REQUIRED ACTION
Exactly as they stand, give the records below again, with no images.

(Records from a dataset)

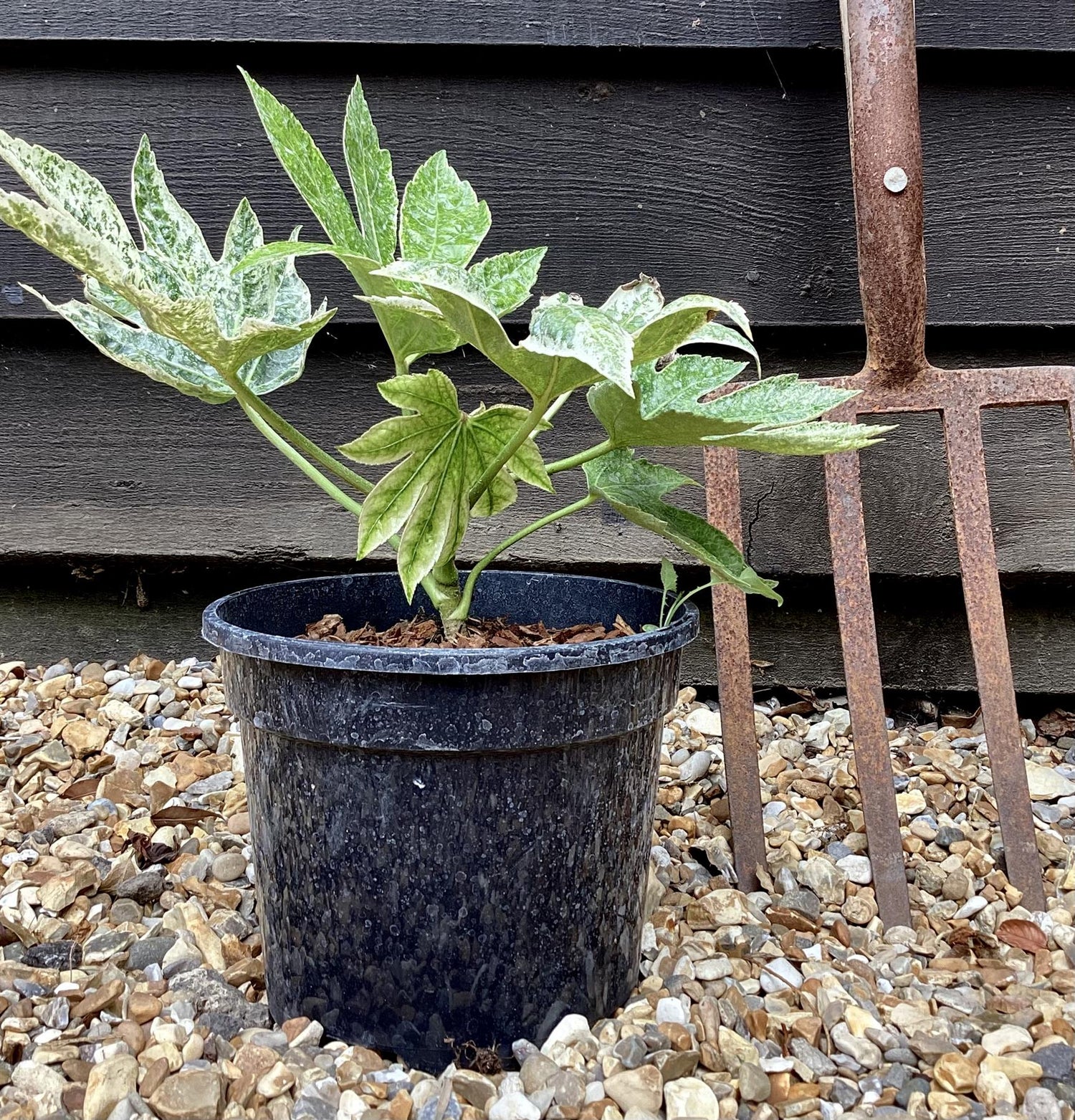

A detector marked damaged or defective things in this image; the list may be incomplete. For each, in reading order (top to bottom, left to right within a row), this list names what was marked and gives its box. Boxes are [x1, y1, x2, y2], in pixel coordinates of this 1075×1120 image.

rusted metal prong [703, 441, 770, 886]
rusted metal prong [828, 439, 909, 927]
rusty garden fork [703, 0, 1052, 922]
rusted metal prong [945, 403, 1043, 909]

TASK ANSWER
A detector marked damaged or defective things in this image; the list may be incomplete. For each, in reading order (top to bottom, left to right within a row), this list names what was marked and gives its box. Boxes are [x1, y1, x2, y2], in pixel coordinates of this 1075×1120 image.

rusted metal prong [703, 441, 770, 886]
rusted metal prong [828, 439, 909, 927]
rusty garden fork [703, 0, 1052, 922]
rusted metal prong [945, 403, 1043, 909]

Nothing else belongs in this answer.